I have been a fedora/RedHat user for a long time, and still am, where servers are concerned. However, I've started using Ubuntu on the desktop, and I'm impressed so far.

I started using Ubuntu because it was the only Distro that would work on my new laptop, a Dell Inspiron 1525. I tried Suse, Debian, Fedora, and several distros that came free in some Linux mags; they would install but not boot, or boot but not recognize major elements (USB, network, hard drives, etc.). I went on line and found that Dell was selling this machine in Europe with Ubuntu, whereupon I downloaded the latest Ubuntu and the rest is history. It works very well.

With one small glitch.

When I use vim, there was no context highlighting.
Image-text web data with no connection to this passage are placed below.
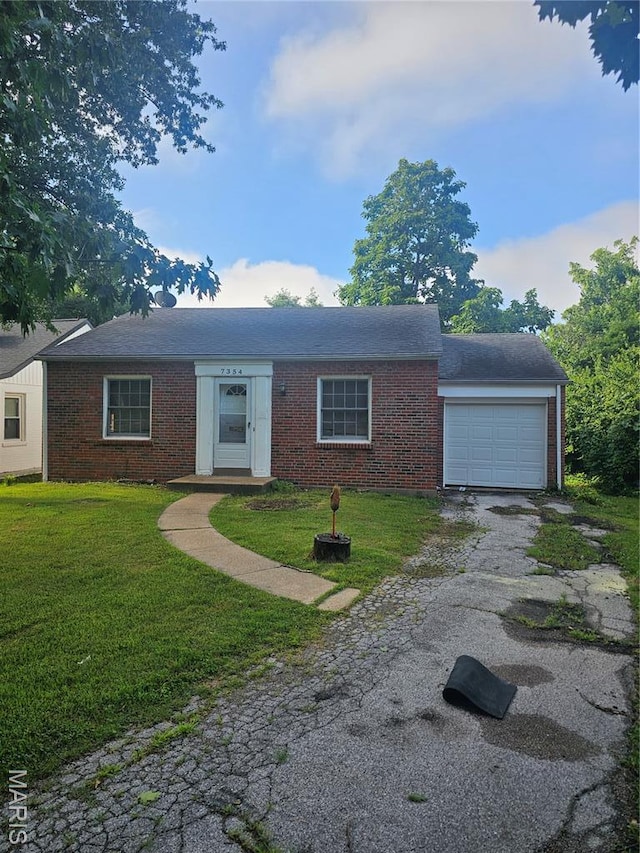 7354 Trenton Ave, Saint Louis, MO 63130 - single story home with a garage, driveway, brick siding, and a front yard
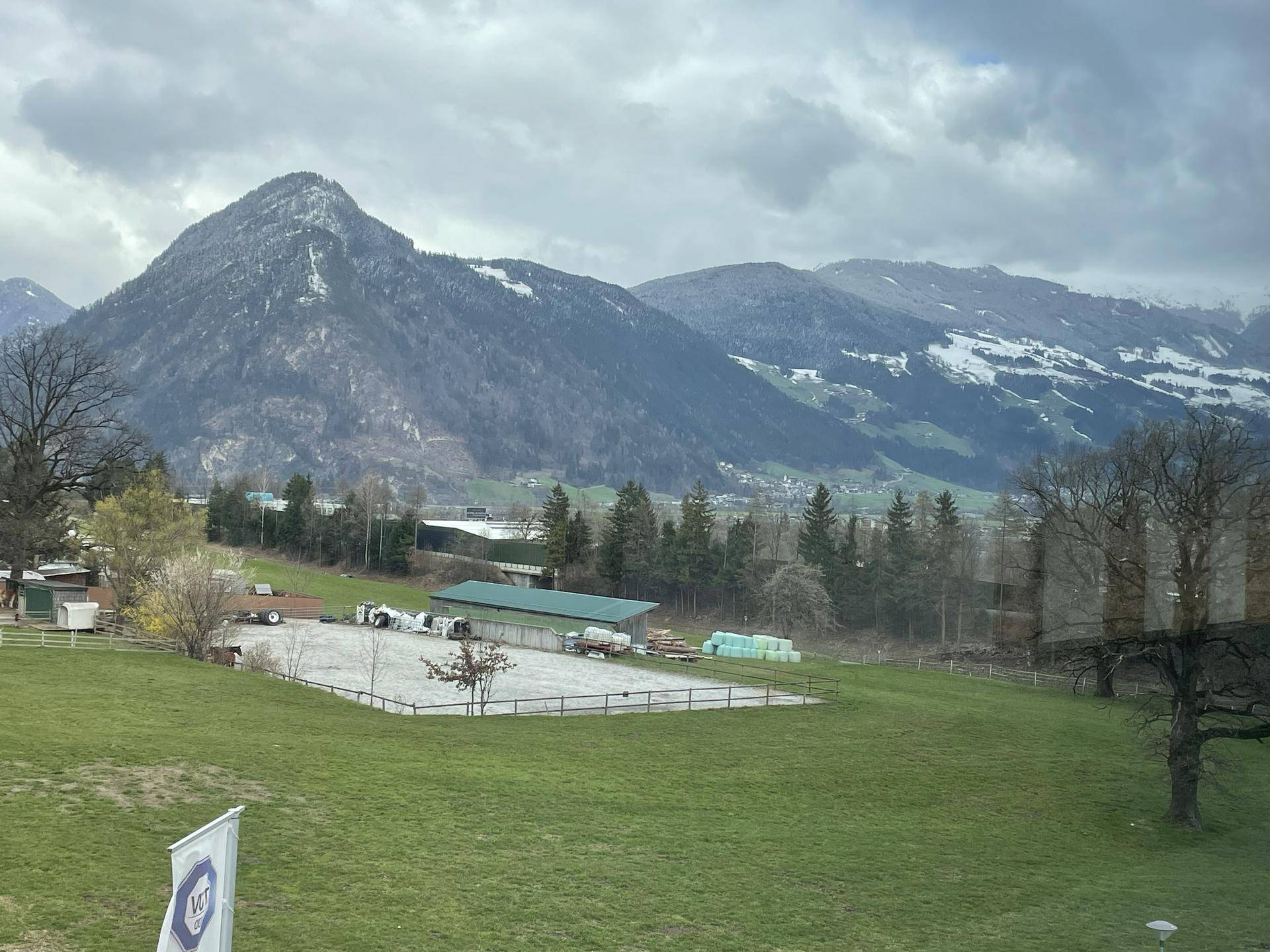 Panoramablick aus dem Fenster auf eine weite grüne Landschaft mit majestätischen Bergen und einem Reitplatz.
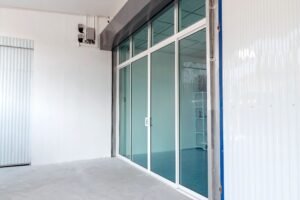 Close-up of bifold glass door hardware showing quality aluminium frame, slim sightlines and smooth folding mechanism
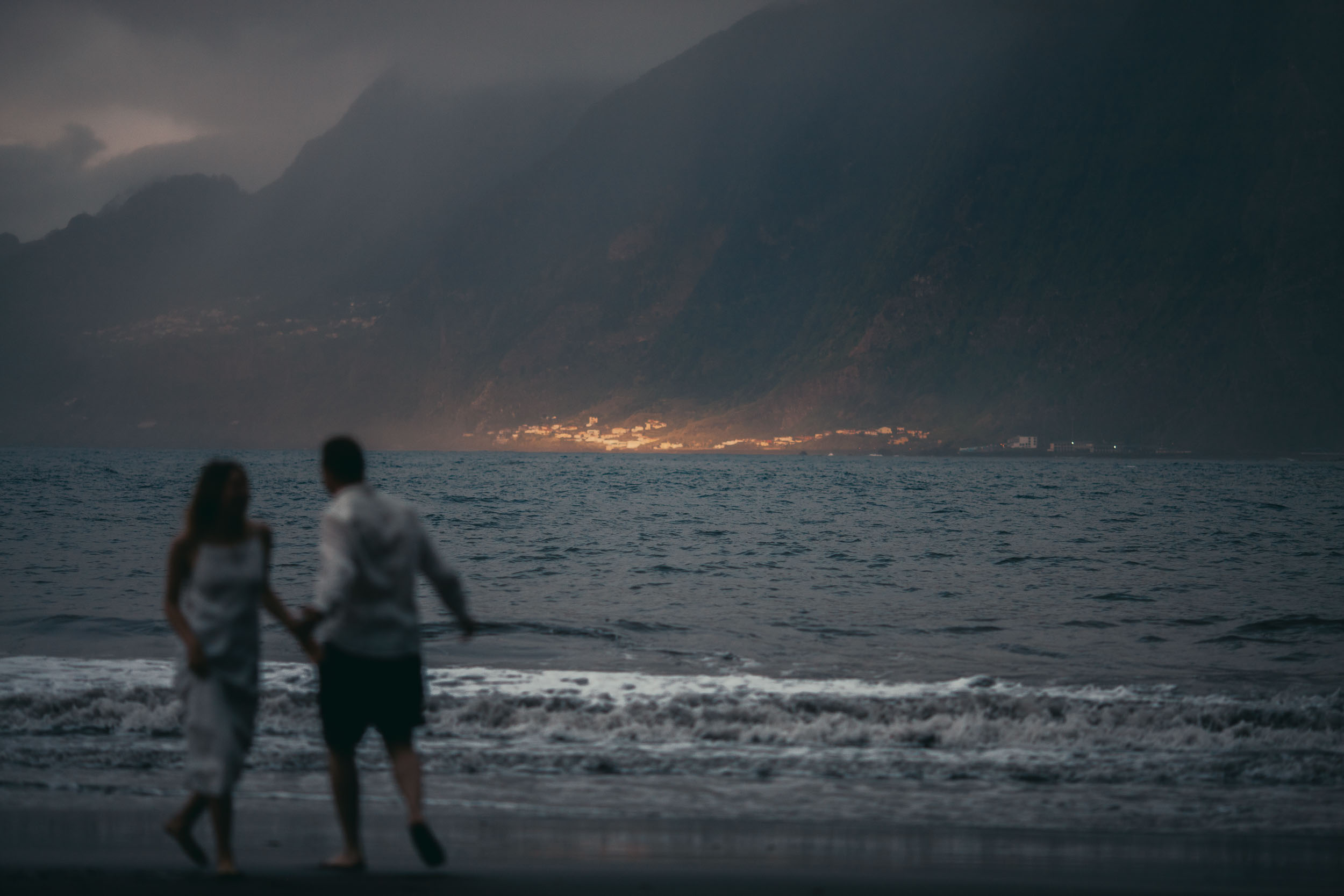 Couple walking hand in hand on a dark beach at dusk, shifted out of focus, sharp lit village across the bay on a green ridge, Madeira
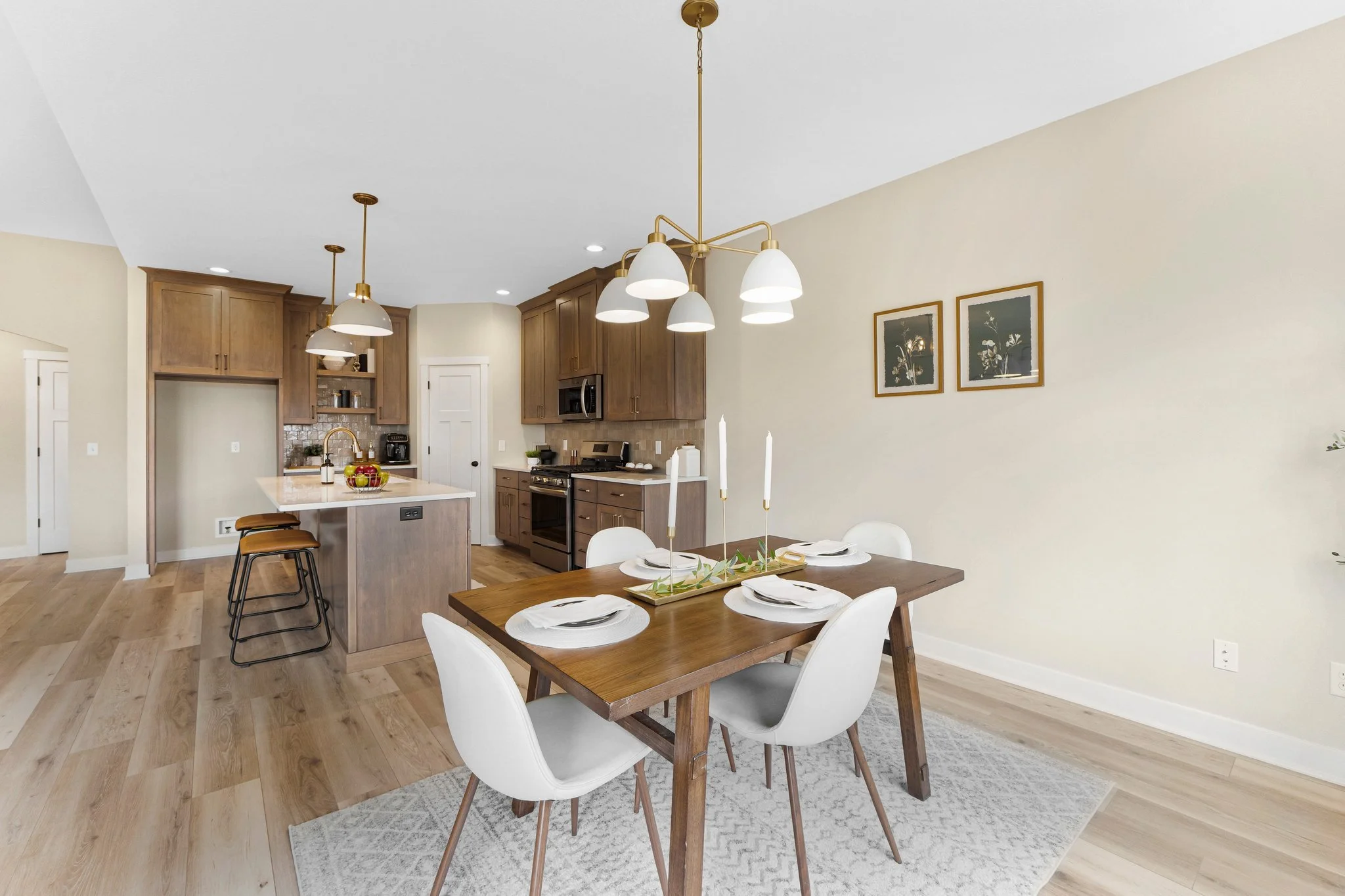 Dining area with a wooden table set with white plates and candles, surrounded by white chairs, next to an open kitchen with wooden cabinets, stainless steel appliances, and an island with stools.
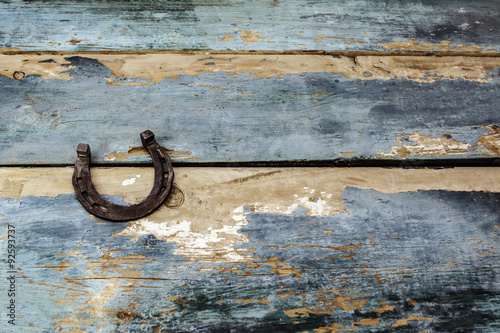 old horseshoe on a wooden background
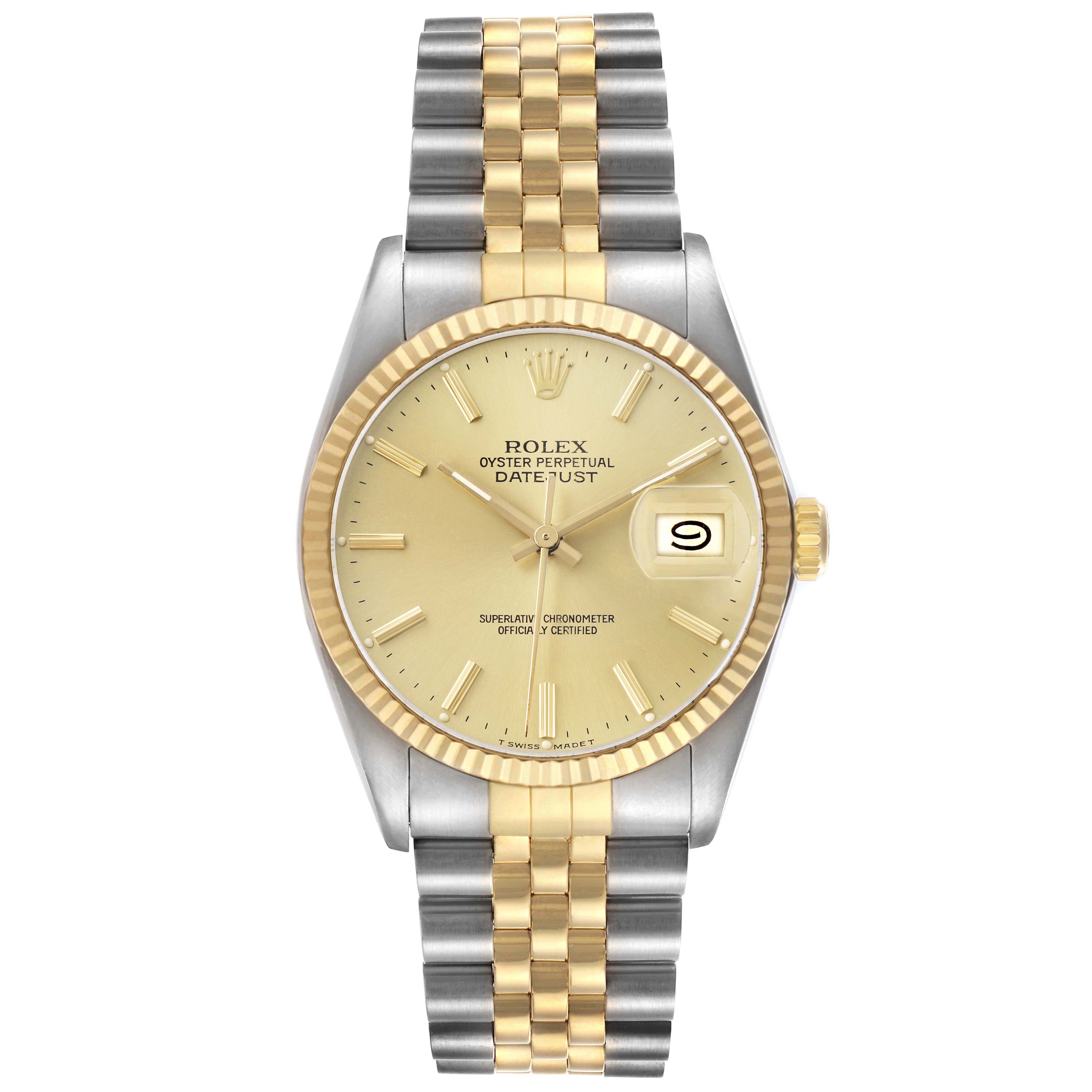 The Rolex Datejust 16013 Men's Steel and Gold (two tone) Champagne Dial watch is shown from a top-down angle, displaying its dial, gold fluted bezel, and two-tone Jubilee bracelet.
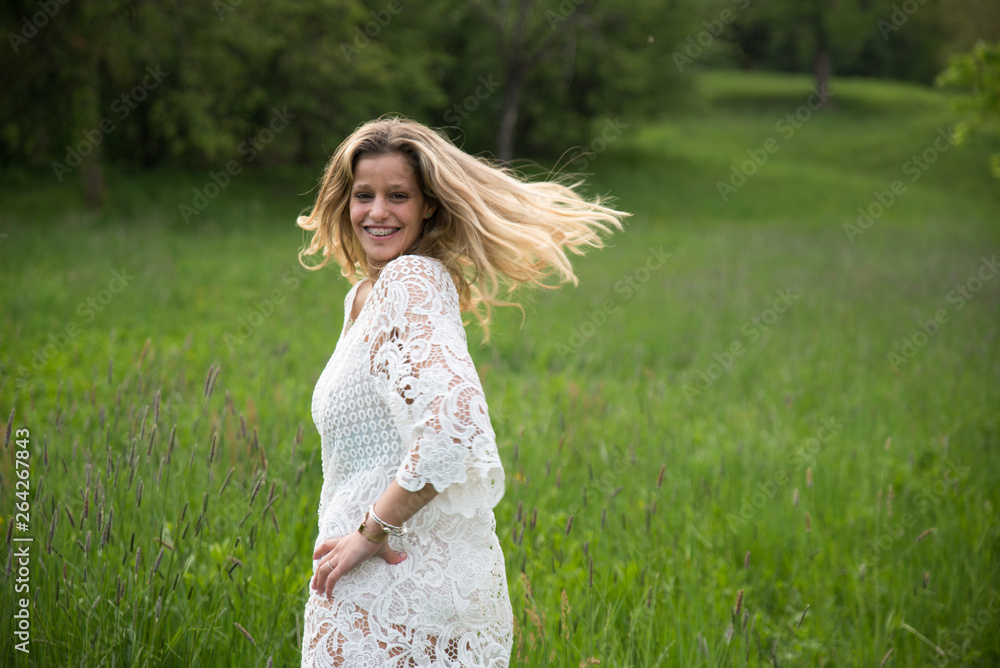 Young happy caucasian woman smiling in a meadow full of flowers. Nature and happiness concepts Young happy caucasian woman smiling in a meadow full of flowers. Nature and happiness concepts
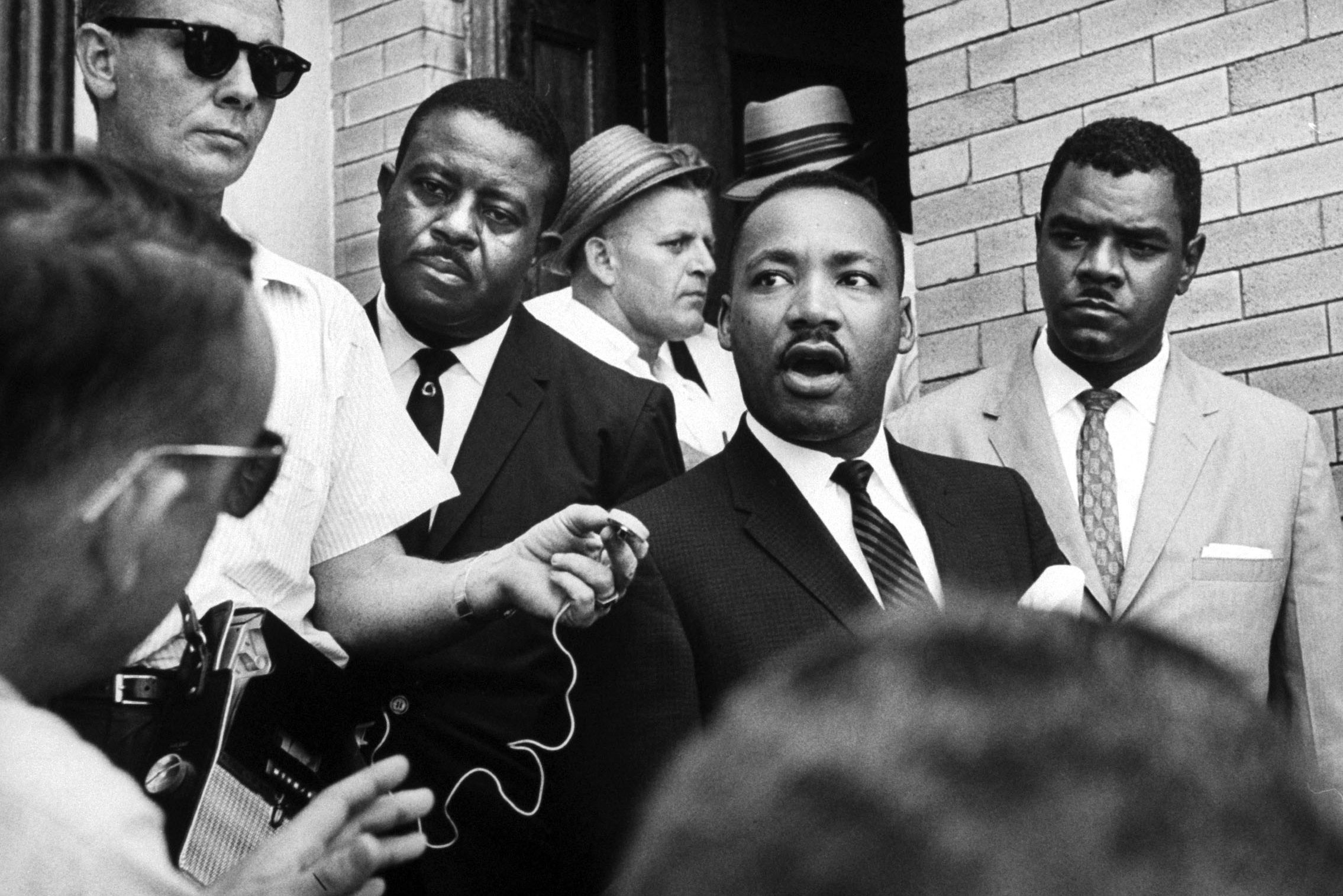 A man speaks to reporters holding microphones outside a brick building, surrounded by other men in suits, conveying a serious atmosphere.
I googled around and found this vim command:

:syntax on

So my question is: Why, why would this function not be turned on by default as it has been in every other distro I've used. What is the reasoning?

There are other weird little things. For instance, Dia on Fedora: When one is exporting a graph as a .png or .jpg, on Fedora Dia will ask you to define the size the graphic file (pixel width x height). But not on Ubuntu, with the exact same Dia version. Why? There is a way around this, of course, which is to run the export from the command line.

These are very, very minor issues. But why do different distros have different defaults for these very common applications? This, at least, should be standardized across all platforms.